§ **What the task requires**:
Every line in the material below that includes "Stock" should be copied.

** Task material follows **

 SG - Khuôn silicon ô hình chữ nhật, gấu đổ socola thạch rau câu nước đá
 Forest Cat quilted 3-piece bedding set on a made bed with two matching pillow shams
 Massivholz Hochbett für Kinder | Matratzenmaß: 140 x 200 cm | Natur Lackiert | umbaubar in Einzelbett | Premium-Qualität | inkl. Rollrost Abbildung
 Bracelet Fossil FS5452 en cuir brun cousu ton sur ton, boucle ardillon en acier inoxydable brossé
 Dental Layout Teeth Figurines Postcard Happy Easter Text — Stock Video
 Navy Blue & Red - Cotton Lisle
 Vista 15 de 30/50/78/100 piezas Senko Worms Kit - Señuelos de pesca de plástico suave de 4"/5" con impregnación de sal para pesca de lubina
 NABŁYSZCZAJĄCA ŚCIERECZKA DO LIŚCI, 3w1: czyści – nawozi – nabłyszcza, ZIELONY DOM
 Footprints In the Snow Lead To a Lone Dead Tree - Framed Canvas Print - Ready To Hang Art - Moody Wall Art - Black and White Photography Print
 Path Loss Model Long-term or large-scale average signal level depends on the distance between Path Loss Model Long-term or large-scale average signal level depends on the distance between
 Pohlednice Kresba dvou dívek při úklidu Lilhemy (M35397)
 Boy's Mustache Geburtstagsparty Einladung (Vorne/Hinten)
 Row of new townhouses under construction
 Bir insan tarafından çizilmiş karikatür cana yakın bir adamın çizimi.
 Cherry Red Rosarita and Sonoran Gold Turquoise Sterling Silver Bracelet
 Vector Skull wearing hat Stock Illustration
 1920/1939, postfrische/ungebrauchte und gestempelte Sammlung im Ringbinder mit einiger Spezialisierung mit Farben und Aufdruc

** End of Task material **

§ **Answer box**:
 Dental Layout Teeth Figurines Postcard Happy Easter Text — Stock Video
 Vector Skull wearing hat Stock Illustration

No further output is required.